» **Problem description**: In the records that follow, find each line with the word "Case" and copy it.
= Beginning of Section =
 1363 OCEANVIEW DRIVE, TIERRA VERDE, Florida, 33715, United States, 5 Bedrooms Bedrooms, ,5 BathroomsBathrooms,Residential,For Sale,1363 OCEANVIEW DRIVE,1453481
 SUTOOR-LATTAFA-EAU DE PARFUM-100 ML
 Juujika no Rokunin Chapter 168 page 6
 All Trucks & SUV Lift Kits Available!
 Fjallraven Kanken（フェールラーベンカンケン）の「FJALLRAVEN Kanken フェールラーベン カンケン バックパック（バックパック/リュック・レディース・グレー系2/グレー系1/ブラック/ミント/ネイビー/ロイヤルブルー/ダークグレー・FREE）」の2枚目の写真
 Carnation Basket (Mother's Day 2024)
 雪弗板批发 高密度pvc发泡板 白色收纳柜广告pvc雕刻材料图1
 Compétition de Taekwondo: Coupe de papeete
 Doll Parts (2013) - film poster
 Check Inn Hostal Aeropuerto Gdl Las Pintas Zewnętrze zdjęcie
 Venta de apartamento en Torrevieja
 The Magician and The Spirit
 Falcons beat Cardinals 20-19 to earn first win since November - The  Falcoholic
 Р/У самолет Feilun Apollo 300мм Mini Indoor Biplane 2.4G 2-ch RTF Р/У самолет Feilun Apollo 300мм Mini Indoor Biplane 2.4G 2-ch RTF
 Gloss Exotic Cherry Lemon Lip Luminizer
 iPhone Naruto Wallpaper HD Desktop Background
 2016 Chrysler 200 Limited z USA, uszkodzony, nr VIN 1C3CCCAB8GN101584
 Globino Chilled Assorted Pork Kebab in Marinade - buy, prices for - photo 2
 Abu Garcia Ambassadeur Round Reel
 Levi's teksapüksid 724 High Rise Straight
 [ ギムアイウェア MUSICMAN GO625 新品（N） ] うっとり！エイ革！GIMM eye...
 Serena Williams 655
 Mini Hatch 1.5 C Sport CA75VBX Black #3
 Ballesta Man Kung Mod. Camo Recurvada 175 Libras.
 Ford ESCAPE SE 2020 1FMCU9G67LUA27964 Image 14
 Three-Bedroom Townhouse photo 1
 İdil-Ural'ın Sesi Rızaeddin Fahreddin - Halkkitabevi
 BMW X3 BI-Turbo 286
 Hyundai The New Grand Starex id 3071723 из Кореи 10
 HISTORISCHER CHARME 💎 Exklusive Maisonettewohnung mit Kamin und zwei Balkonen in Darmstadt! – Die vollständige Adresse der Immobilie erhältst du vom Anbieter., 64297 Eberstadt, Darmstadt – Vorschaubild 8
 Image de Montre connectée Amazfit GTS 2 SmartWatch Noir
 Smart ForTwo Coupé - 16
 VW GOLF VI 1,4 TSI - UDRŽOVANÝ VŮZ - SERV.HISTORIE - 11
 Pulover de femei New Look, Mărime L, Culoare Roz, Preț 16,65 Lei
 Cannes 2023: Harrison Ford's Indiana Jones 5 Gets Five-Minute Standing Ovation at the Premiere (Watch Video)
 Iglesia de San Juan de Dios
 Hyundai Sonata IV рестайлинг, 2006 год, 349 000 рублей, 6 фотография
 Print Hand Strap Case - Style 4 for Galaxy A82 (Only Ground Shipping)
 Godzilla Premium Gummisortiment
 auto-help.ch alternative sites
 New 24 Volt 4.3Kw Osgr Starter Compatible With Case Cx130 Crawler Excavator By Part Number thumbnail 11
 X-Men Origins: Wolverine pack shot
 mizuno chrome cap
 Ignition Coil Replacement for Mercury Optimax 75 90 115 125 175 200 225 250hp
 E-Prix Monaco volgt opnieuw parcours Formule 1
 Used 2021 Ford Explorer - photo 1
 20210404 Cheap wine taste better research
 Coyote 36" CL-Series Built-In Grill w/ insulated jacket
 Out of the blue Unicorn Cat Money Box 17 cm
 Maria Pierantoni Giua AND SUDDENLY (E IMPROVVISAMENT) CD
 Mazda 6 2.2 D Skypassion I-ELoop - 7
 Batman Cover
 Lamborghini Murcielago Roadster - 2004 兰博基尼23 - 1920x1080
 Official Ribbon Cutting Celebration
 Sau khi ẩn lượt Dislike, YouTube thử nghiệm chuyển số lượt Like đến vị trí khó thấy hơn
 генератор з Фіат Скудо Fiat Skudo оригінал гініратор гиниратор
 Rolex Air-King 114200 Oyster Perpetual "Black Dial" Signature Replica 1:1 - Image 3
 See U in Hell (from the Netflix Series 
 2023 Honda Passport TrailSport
= End of Section =
» **Completed exercise**:
 Print Hand Strap Case - Style 4 for Galaxy A82 (Only Ground Shipping)
 New 24 Volt 4.3Kw Osgr Starter Compatible With Case Cx130 Crawler Excavator By Part Number thumbnail 11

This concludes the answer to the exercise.